Here, leveraging a proprietary dataset of TCR crystal structures solved by Immunocore to supplement the publicly available data, we evaluated the current headline performance of computational TCR modelling and identified which CDRs remain challenging to predict, representing barriers to the utility of structural models for predicting properties of TCRs such as pMHC specificity. We first clustered the complete structural dataset to identify relevant biases, which unexpectedly revealed that the CDR3α and CDR3β loops exhibit similar structural diversity, despite their differing recombination mechanisms.

We then built TCRBuilder2+ by retraining TCRBuilder2³⁶, a best-in-class TCR specific structure predictor, on the expanded dataset of structures. The performance of TCRBuilder2+ improved for genes better sampled in the new training set, and TCRBuilder2+ achieves comparable overall accuracy to Alphafold Multimer at a fraction of the computational cost. Consistent with the clustering analysis, both TCRBuilder2+ and Alphafold Multimer found the VJ-recombined CDR3α loop at least as challenging to model as the corresponding VDJ-recombined CDR3β loop, differentiating TCR structure prediction from BCR/antibody structure prediction, where the CDR3L is substantially easier to predict than the CDR3H^36,47. In order to further explore the structural diversity of TCRs we used TCRBuilder2+ to predict the structures of over 1.5 million TCR sequences from the Observed T-cell receptor Space (OTS) database⁴⁸.

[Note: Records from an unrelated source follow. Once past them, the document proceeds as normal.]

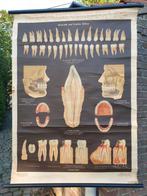Schoolkaart tanden, Antiek en Kunst, Antiek | Schoolplaten, Ophalen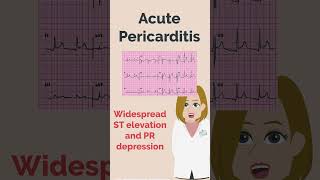 Acute Pericarditis and Myocardial Infarction  PLAB  UKMLA  MedRevisions [upl. by Venterea779]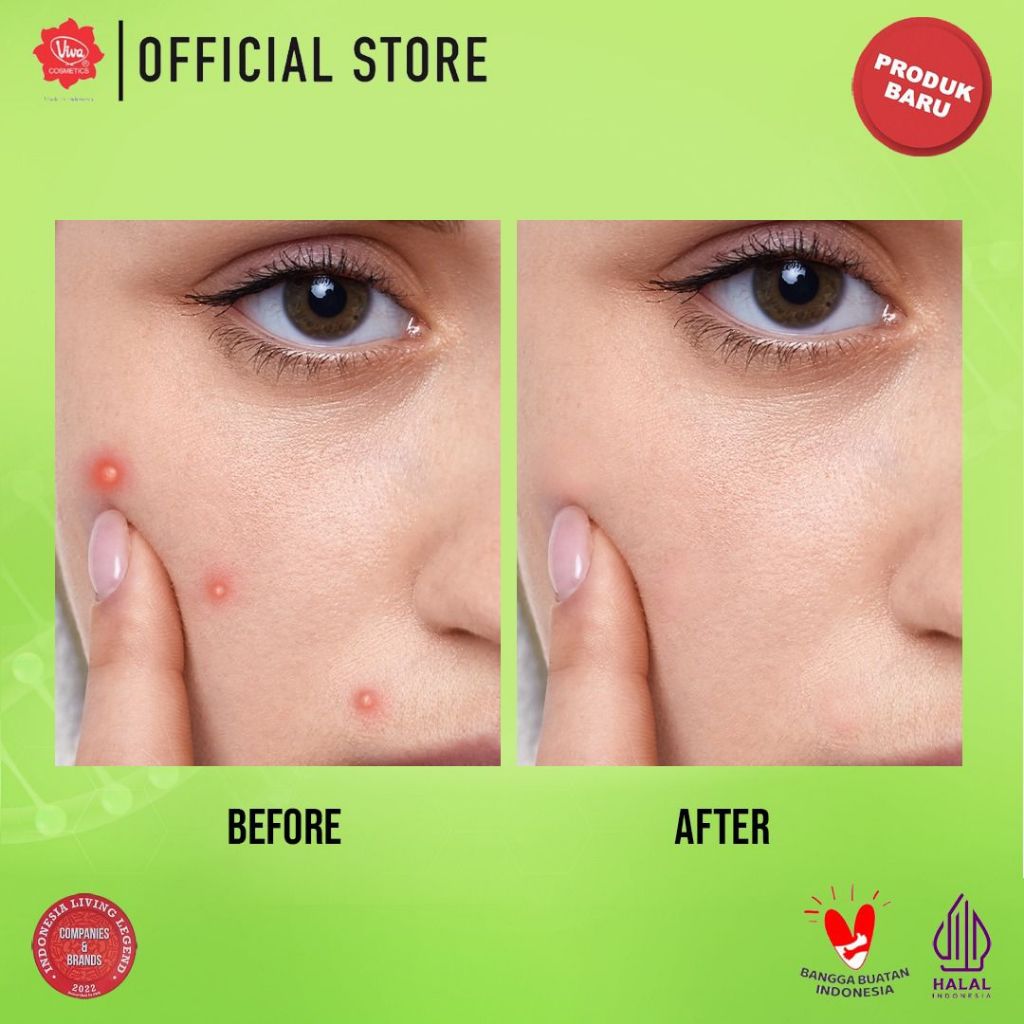 Viva Serum 20ml - Acne Serum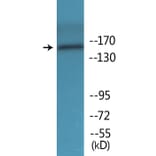 Western Blot - Anti-FANCA (phospho Ser1149) Antibody (P12-1105) - Antibodies.com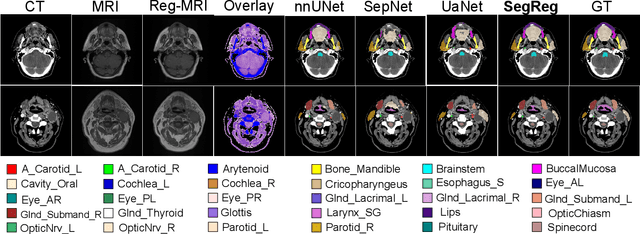 Figure 2 for SegReg: Segmenting OARs by Registering MR Images and CT Annotations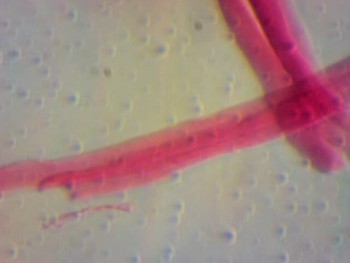 Поперечно полосатые мышцы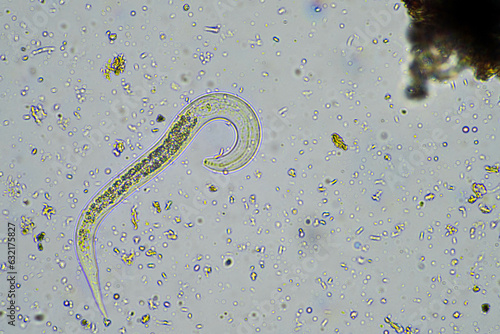 bacterial feeding soil nematode in a soil sample under the microscope photo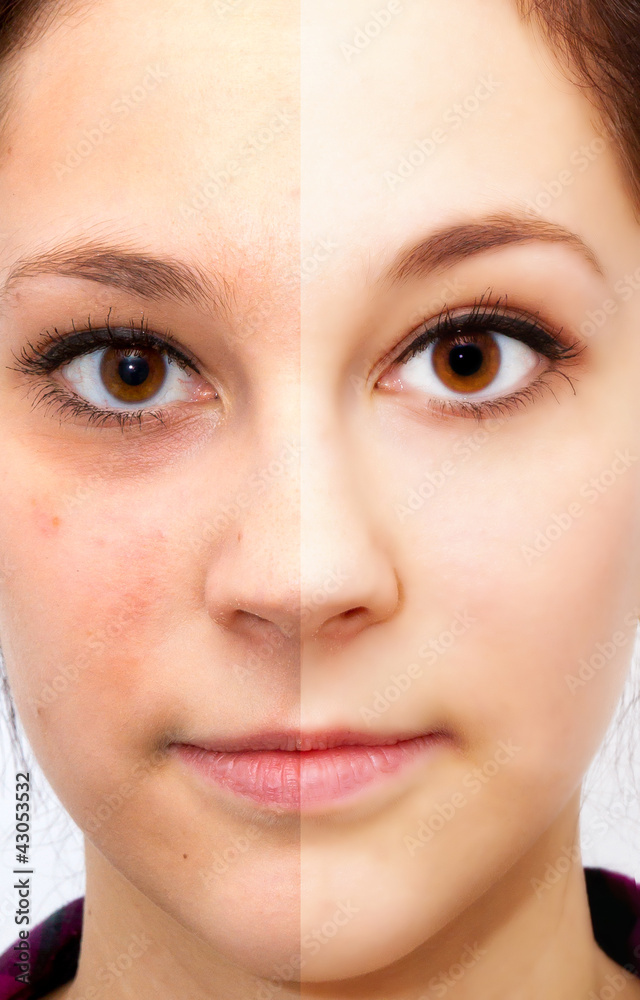 Beauty face - before and after Stock Photo | Adobe Stock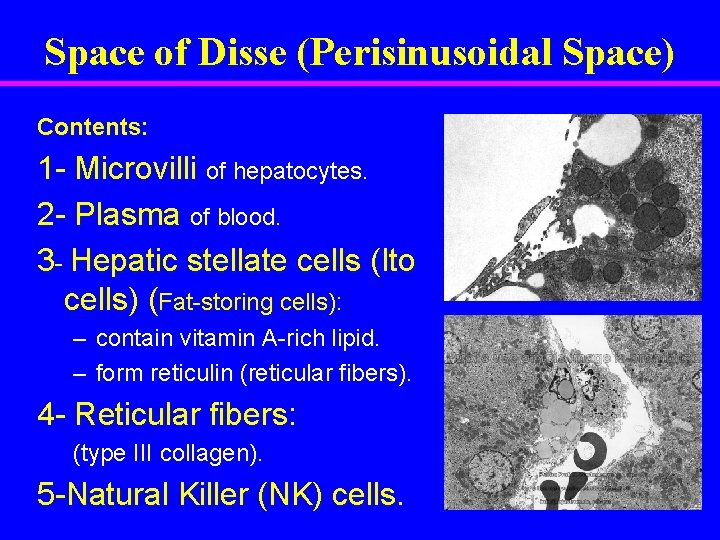 Space of Disse (Perisinusoidal Space) Contents: 1 - Microvilli of hepatocytes. 2 - Plasma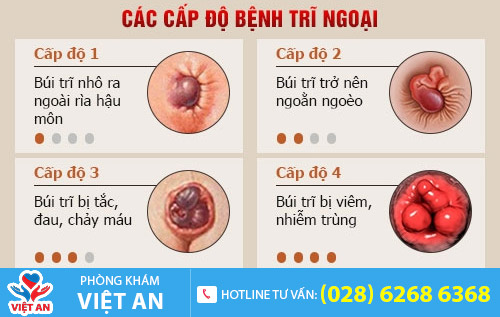 Quá trình phát triển của bệnh trĩ ngoại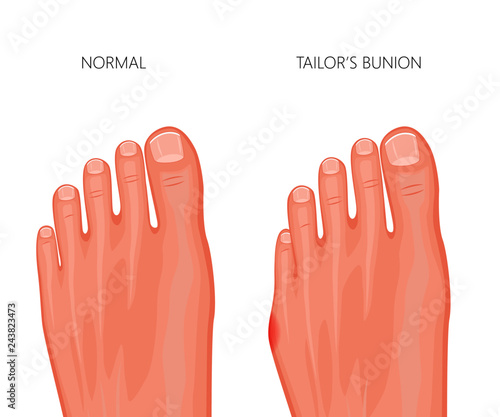 Illustration of the tailor's bunion of the human foot
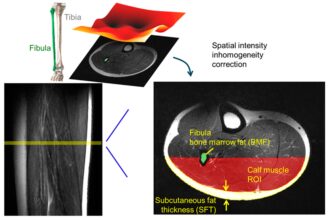 Study reveals how sex and age influence fat in muscles and bones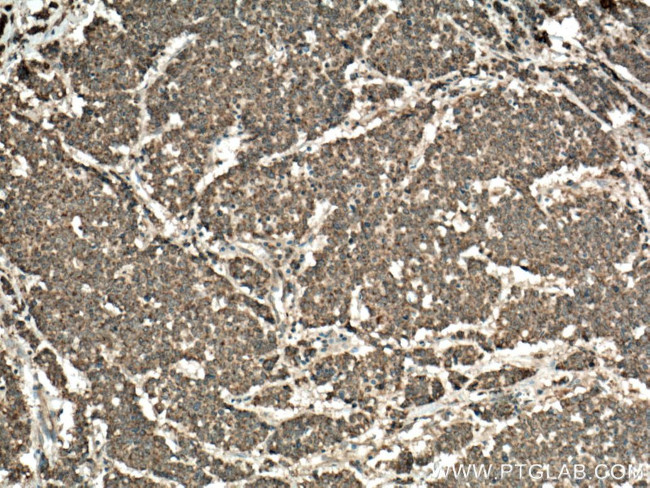 ST6GAL1 Antibody in Immunohistochemistry (Paraffin) (IHC (P))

Finally, we investigated potential sources of the high structural diversity in the CDR3α. The amino acid composition and genetic coherence of distinct structures suggest that the greater number of TRAJ genes relative to both TRBJ and IGKJ/LJ genes, which leads to greater combinatorial diversity in the alpha chain, may also lead to enhanced structural variability.

Our study is the first to elucidate the surprisingly high structural complexity of the TCR CDR3α and the challenge of predicting its structure, and reinforces the value of paired-chain information for capturing the function of TCRs.

Results

Curating and analysing a supplemented dataset of solved TCR structures

The amount of experimentally determined TCR structure data in the public domain is significantly less than TCR sequence data³⁰, therefore harnessing structural features in general TCR property prediction pipelines requires the ability to make accurate, and ideally fast, predictions of TCR structures. In recent years, deep learning methods have emerged as state of the art for this task³⁶. However, all machine learning models are limited by the data available to train them on and there are countless examples of deep learning models that generalise poorly or that learn dataset biases rather than the underlying function governing the phenomenon^23,49,50,51.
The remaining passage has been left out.